2. The Officers of Directorate of Revenue Intelligence, Regional Unit, Bangalore kept watch near Talpady Checkpost along with two independent witnesses on 12-2-1989 looking out for cars bound to Bombay, transporting contraband gold. Around 14.45 Hrs. on that day, a blue colour Maruthi car was noticed coming from Kasargad side. As it approached the checkpost, the officers singnalled it to stop. The said car did not have any painted number plate on either side; however a number CRX 3676 in small letters was seen written. Beside the petitioner as the driver of the car, there was one more occupant in the car sitting on the back seat. At this point of time, one Ambassador car also approached the said checkpost, from Kasaragad side and immediately two officers rushed towards the detenu's car and managed to stop it. However, the person sitting at the back seat escaped from the car. In the meanwhile, the other remaining officers stopped the grey colour Ambassador car bearing Registration No. CRX 3657 with only driver as the occupant. After questioning the petitioner and the driver of the other car, the officers on the reasonable belief that goods of foreign origin liable for confiscation under the provisions of the Customs Act, 1962 have been concealed ingeniously the said cars directed them to bring the cars to their office for further examination. Accordingly, the cars were taken to the DRI office, Mangalore after drawing a spot mahazar. On arrival at the said office, accompanied by the same witnesses, officers took personal search of the two drivers. No incriminating materials were found in their possession. Thereafter the officers thoroughly examined the Maruthi car and found in a cavity five cloth vest jackets weighing abnormally heavy. Totally eight such jackets were found in the said Maruthi car. Thereafter, the officers took thorough search of the Ambassador car bearing Registration No. CRX 3657 and finally recovered eight cloth jackets with stitched pouches/packets in the Ambassador car. Thus both the cars, in all, contained gold biscuits totalling 1600 gold biscuits. The usual investigation proceeded including the recording of the statement of the petitioner.
3. It is clear that the petitioner was only a driver, so was the person driving the other car. The person who owned the cars or responsible for the transportation of these gold biscuits has not been traced.
4. On 24-2-1989, the Government of India made the order to detain the petitioner under S. 3(1) of the COFEPOSA Act.

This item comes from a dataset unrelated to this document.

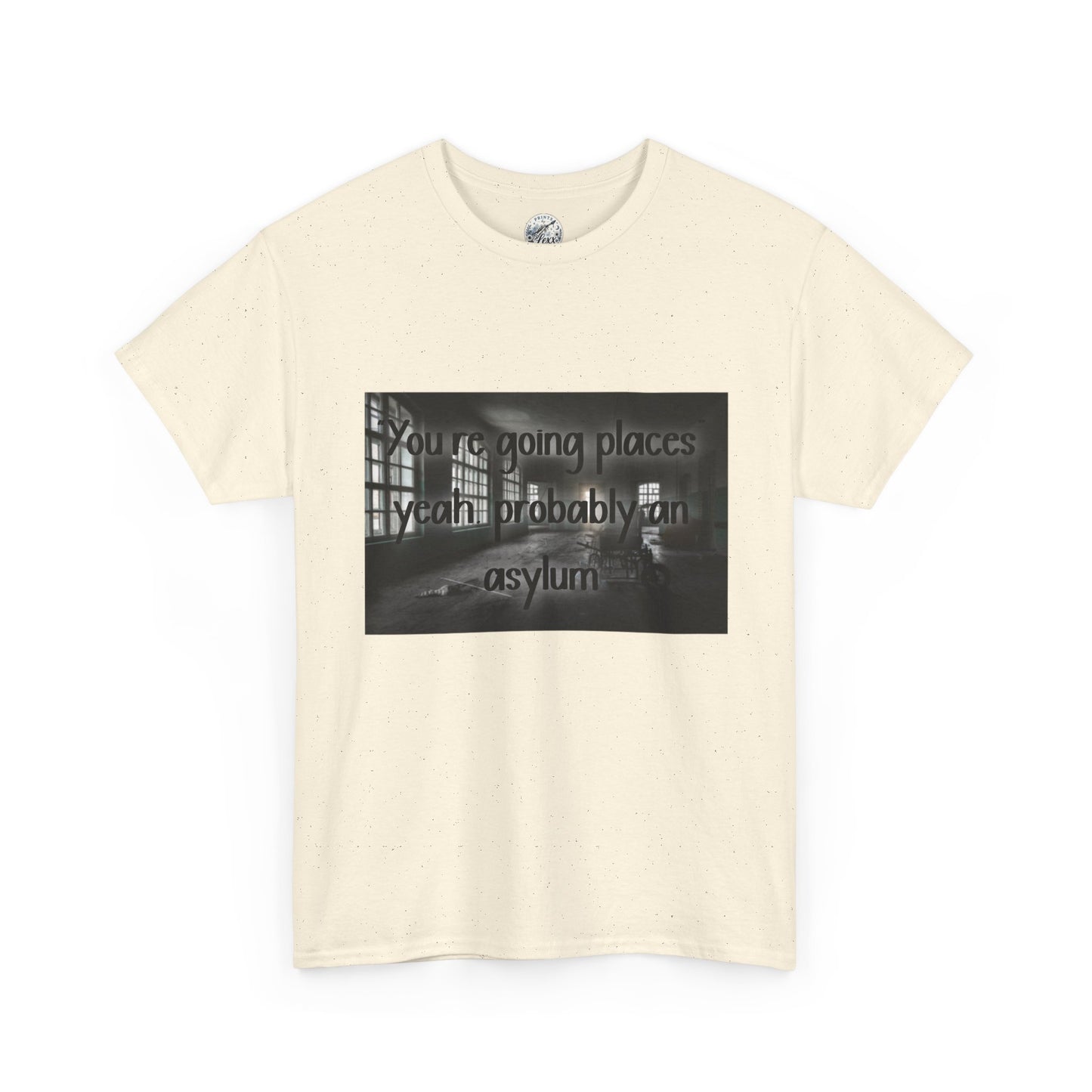 Dark Asylum Photo Tee — "You're Going Places, Yeah Probably the Asylum"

5. Several contentions, were urged by the learned counsel. It is not necessary for us to narrate them as we are of the view that the petitioner is entitled to succeed on the first ground urged by the learned counsel Sri R. N. Narasimhamurthy, appearing for the detenu. It is contended by the learned counsel that the grounds of detention do not disclose any satisfaction arrived at by the detaining authority to the effect that the detenu is likely to indulge in the prohibited activity in future and the reading of the ground in respect of the detention order gives an impression that the detention order was made as a substitute to the punitive, action. For this purpose three paras in the ground of detention were read :-
7. You were arrested on 14-2-1989 under the provisions of the Customs Act, 1962 read with Gold Control Act, 1968 and produced before the 1st Additional Chief Judicial Magistrate, Mangalore on the same day along with remand application. Before the Court you did not complain of any ill-treatment. No bail application was filed on your behalf. You have been remanded to judicial custody till 27-2-1989. However nothing prevents you from applying for bail and getting released.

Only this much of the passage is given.